Limit spending on prepared meals
If you’re doling out more than $3,000 every year to eat out, you can start saving for the future by limiting prepared meals . You could trim from $100 to $1,000 a year off the annual tab if you simply:
- Set a monthly budget for take-out restaurant food; $100 a month adds up to $1,200 vs $3,154.
- Take advantage of specials to lower the cost of takeout pizza and other curbside dinner pickups.
- Buy prepared meals only when they’re on special or can be purchased for less with coupons.
If you invest the money you save each month, you could have a nice egg nest at the end of each year.
To build even more wealth, save money on meals at home. You’ll pay less for food at the grocery store if you:
- Compare prices. Prices vary from store to store. Know where the best buys are for each staple in your cupboard, as well as items you regularly store in your refrigerator or freezer.
- Buy sale items and store labels vs name brands. (Difference in taste is often not noticeable).

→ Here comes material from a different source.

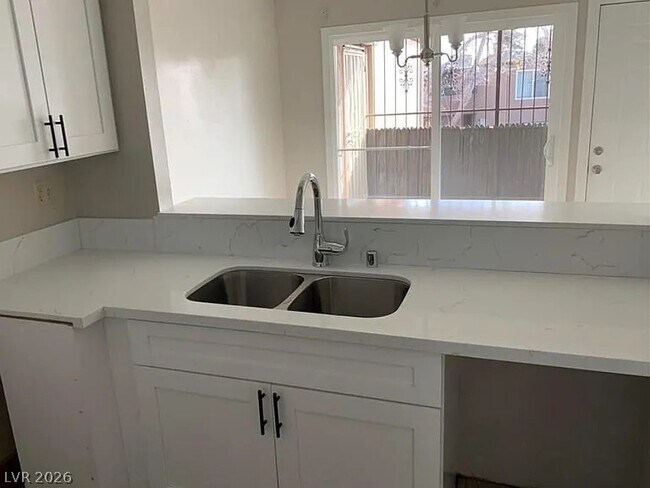 Foto del edificio - 1501 Living Desert Dr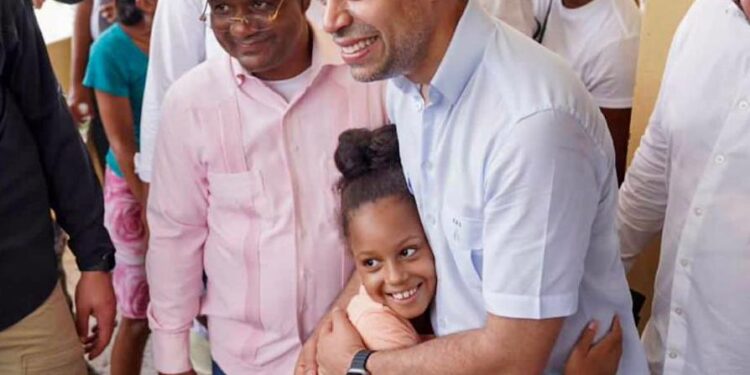 Roberto Ángel encabeza en La Romana jornada “Primero Tú” 75 del año con más de 230 mil beneficiarios”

- Bend over. Many stores stock the higher shelves with more expensive food choices. You might be surprised to see how much money you can save by stooping down to lower shelves.
Avoid food waste
Americans throw away a lot of food – wasting money that could be put to better use. To avoid waste:
. . . Take note of what goes into your garbage can each week.
. . . Buy less of whatever food items tend to be tossed out uneaten.
Saving money to invest for the future could be as easy as paying more attention to what you eat or waste.